Look it's a huge figure but per individual it's barely a coffee. Even 100x that fine doesn't really add up to a whole heap per individual and it'll probably end up in the pocket of some law firm anyway.
Nope I'd much rather forgo any payout personally and see the executives do some time. That will make my information much more secure for much longer. A fine just becomes a part of the accounting process.
If executives think their penny pinching might make them end up as 2yrs of fresh meat for a horney prisoner they might chose to protect my stuff a bit better.
Sadly Lee, under the GDPR they have a right to collect data for the purposes of conducting their business. We may not like it, but credit reference agencies are a necessary evil.
However Equifax should be sanctioned for failing to properly protect that data, and that was and is possible under previous data protection laws as well as GDPR.
The data they collect was passed to them by other firms who collected it for various other purposes. By the time Equifax have processed it and turned it into credit scores it must be legally dubious as to whether there's a chain of informed consent.
I don't know if the term chain of informed consent is in use but seems a useful concept rehter like chain of continuity handling court evidence.
Only with explicit (not implied) consent, for a reasonable period, only for that legitimate business function, never to be shared with anyone else without additional, optional and specific consent.
Credit reference agencies literally are the only organisation apart from the government to have the last 20 years of my addresses, not to mention pushing that information to organisations that I may well not consent to, not to mention providing little to no reasonable method to correct errors, and also collect far too much information than that necessary for the purpose.
They're gonna be the "big" test of GDPR as soon as all the early test cases build confidence to take them down.
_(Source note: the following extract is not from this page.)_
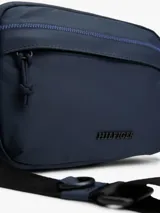 Bandolera Tommy Hilfiger azul marino con correa ajustable de tejido trenzado, cierre de cremallera, bolsillo exterior con cremallera y logo texturizado en la parte delantera.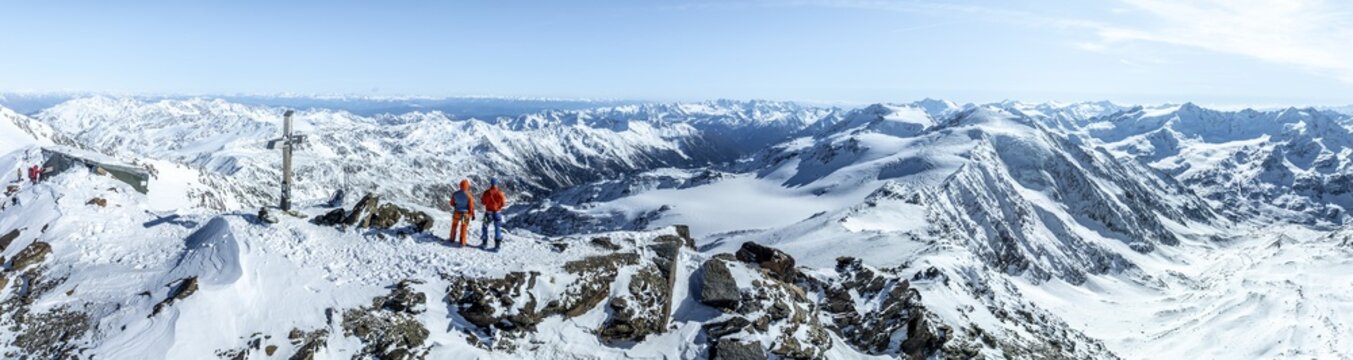 Two ski tourers on the summit of Cevedale, Alpine panorama, Aerial view, Snow-covered mountain landscape, Ortler group, Trento, Italy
My own bank can't hold the information they do, for as long as they do, and I'm a paying customer of theirs - I never consent to Equifax holding or collating that information, seemingly into perpetuity.
Well, I for one am completely satisfied with Equifax's settlement - I mean it is the equivalent of what I get for one full week (almost) of my share of the great US tax cut bill of 2017, and reinforces my belief in the fundamental fair and equitable treatment that individuals receive under the legal system when compared to corporations and those that head them, and the sense that the lawyers involved earned every million of the dollars that they were paid to negotiate this most honorable and hurtful of punishments. It is nice to know that Equifax's credit rating will now go up because the uncertainty of this issue is resolved, and that they will be able to get lower interest rates on their corporate car loans and qualify for cheaper mortgages on their facilities.
Please sir, may I have some more - porridge, punch in the face, feces smeared on me, whatever......
Allowing a settlement cap like this, or bailing out a failing company just shouldn't be allowed, as they won't learn their lesson.
Capitalism is designed to allow companies to fail and nothing should interfere with this process. Maybe then companies will think twice on things like how they handle your data.